Im operativen Geschäft baut Gerresheimer seine Kapazitäten massiv aus. Auf dem Papier kämpft der Verpackungsspezialist um das Vertrauen des Kapitalmarkts. Ein handfester Bilanzskandal überschattet den Ausbau in den USA. Die Aktie spiegelt dieses Spannungsfeld wider. Mit aktuell 25,98 Euro notiert das Papier fast die Hälfte unter dem Jahreshoch.

Automatisierung in den USA

Im US-Bundesstaat Georgia laufen die Maschinen auf Hochtouren. Gerresheimer hat in Peachtree City zwei riesige automatisierte Palettenlager in Betrieb genommen. Die neue Software steuert zahlreiche Artikelarten komplett ohne manuelle Eingriffe.

Der Ausbau kostet 180 Millionen US-Dollar. Er bringt dem Standort über 400 neue Arbeitsplätze. Parallel dazu treibt das Management digitale Therapien voran. Eine neue Partnerschaft mit Newel Health verknüpft künstliche Intelligenz mit klassischen Verpackungslösungen.

Fehlerhafte Buchungen und Ermittlungen

Diese operativen Fortschritte verpuffen an der Börse.

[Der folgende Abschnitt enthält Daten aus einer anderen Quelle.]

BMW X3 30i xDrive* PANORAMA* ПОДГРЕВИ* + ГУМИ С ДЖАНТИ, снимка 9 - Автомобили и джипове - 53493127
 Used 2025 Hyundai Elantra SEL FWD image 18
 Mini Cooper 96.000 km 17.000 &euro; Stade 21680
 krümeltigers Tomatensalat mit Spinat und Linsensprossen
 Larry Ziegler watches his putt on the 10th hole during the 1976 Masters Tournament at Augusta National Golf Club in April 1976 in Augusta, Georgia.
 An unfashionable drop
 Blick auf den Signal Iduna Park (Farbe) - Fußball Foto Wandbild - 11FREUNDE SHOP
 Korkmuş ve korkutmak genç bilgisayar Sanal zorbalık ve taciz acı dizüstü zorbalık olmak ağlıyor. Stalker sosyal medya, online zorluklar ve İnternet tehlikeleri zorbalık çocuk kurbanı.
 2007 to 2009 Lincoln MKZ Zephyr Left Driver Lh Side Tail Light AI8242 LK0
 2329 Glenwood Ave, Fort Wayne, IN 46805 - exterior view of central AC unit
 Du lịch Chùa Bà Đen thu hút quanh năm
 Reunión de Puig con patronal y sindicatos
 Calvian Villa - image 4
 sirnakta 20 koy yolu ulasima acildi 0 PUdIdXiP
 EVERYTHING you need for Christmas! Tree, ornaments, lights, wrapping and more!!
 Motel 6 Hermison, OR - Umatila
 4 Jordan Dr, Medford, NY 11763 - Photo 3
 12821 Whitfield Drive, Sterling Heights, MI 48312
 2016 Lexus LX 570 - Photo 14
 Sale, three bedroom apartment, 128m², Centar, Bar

Der Grund: eine tiefgreifende Bilanzkrise. Gerresheimer hat Umsätze zu früh verbucht. Kunden erhielten Rechnungen für Waren, die das Unternehmen noch gar nicht geliefert hatte.

Eine Kanzlei deckte diese systematischen Fehler auf. Sie belasten den Umsatz um 35 Millionen Euro und das operative Ergebnis um 24 Millionen Euro. Der Wirtschaftsprüfer KPMG hatte den fehlerhaften Abschluss für 2024 noch testiert. Nun ermitteln die BaFin und die Aufsichtsstelle APAS gegen die Prüfer.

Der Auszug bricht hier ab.